[YOUR OBJECTIVE]
Nothing but the lines below from the one with "Local Commercial vente" through the one with "NFL Dallas Cowboys Snapback Hat (34)" should be output, each exactly as given, and no pictures.

[DATA RECORDS]
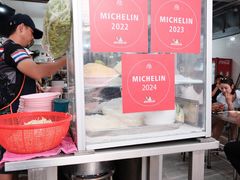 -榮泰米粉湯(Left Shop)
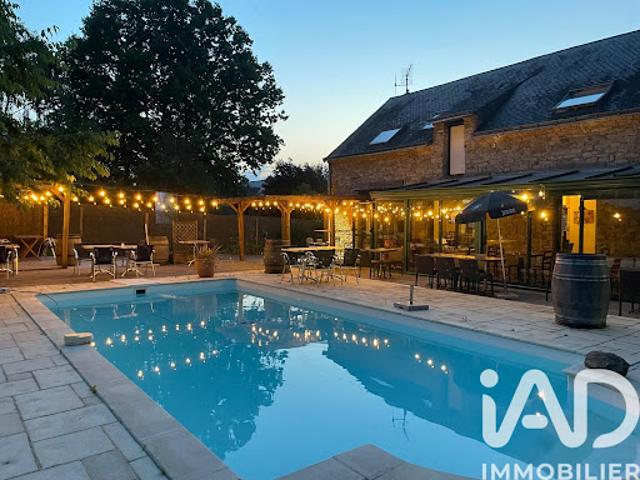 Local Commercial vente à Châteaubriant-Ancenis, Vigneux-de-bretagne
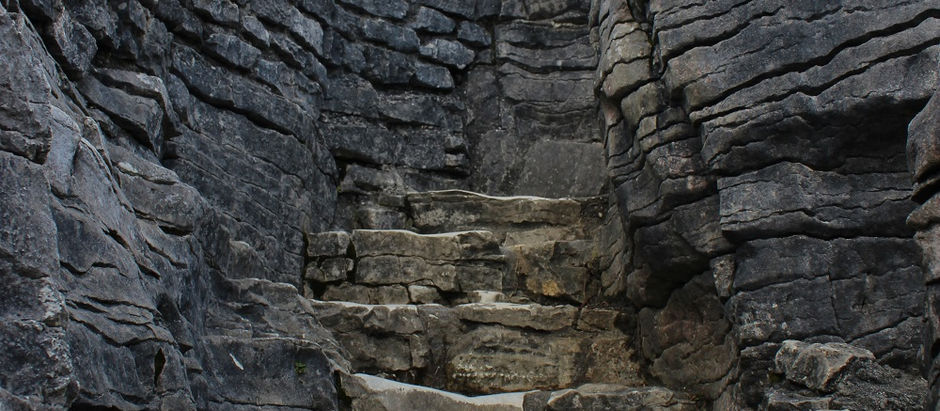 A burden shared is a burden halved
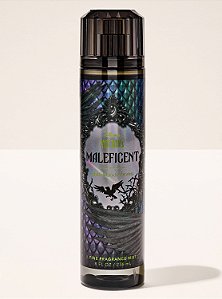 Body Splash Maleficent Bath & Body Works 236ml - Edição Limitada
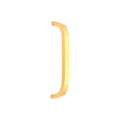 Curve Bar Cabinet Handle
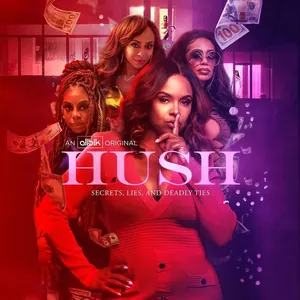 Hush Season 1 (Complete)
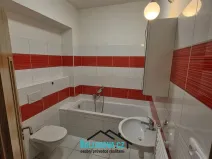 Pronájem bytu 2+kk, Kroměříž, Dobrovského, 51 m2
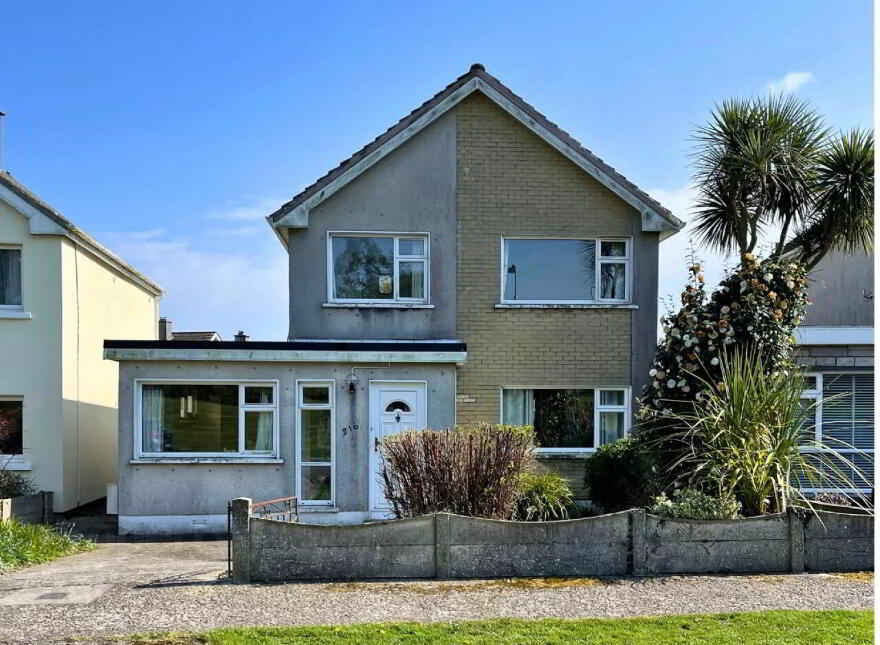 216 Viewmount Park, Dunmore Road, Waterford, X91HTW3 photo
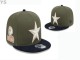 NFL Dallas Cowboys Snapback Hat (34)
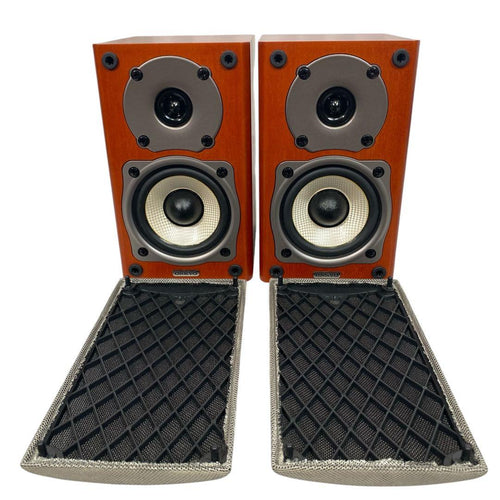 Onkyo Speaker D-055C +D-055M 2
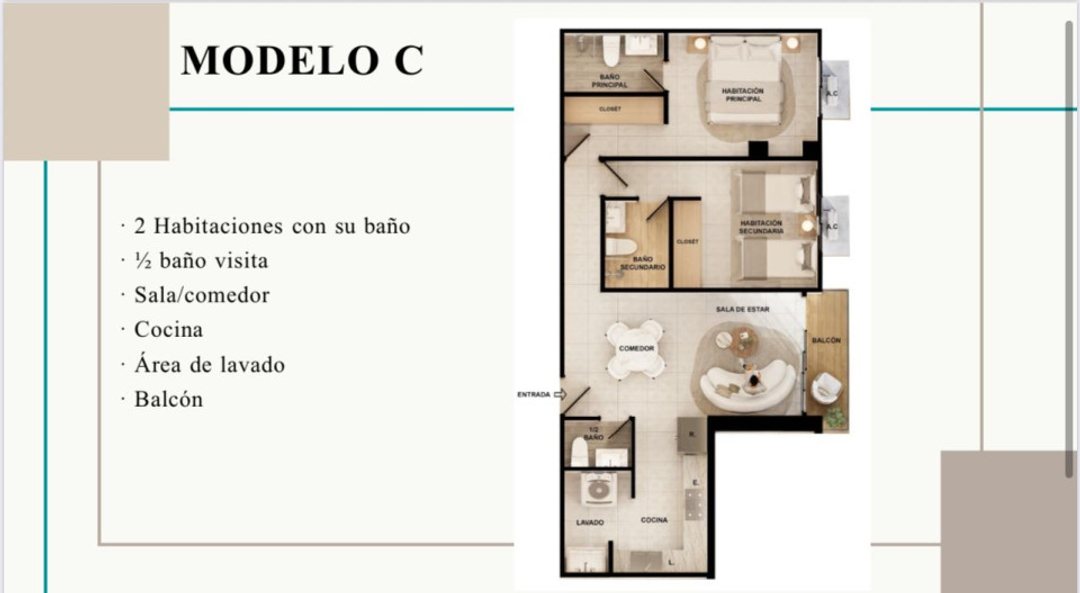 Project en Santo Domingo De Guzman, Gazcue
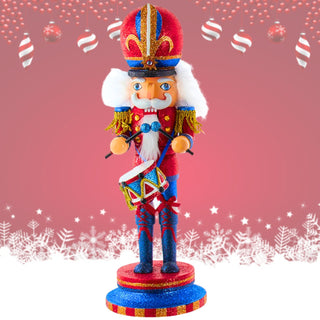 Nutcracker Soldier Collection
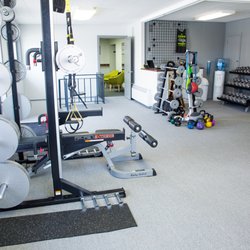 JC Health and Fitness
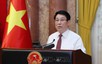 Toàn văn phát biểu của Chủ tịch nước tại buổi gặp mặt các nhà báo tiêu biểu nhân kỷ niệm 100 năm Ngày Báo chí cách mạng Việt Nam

[OUTPUT OF THE TASK]
 Local Commercial vente à Châteaubriant-Ancenis, Vigneux-de-bretagne
 A burden shared is a burden halved
 Body Splash Maleficent Bath & Body Works 236ml - Edição Limitada
 Curve Bar Cabinet Handle
 Hush Season 1 (Complete)
 Pronájem bytu 2+kk, Kroměříž, Dobrovského, 51 m2
 216 Viewmount Park, Dunmore Road, Waterford, X91HTW3 photo
 NFL Dallas Cowboys Snapback Hat (34)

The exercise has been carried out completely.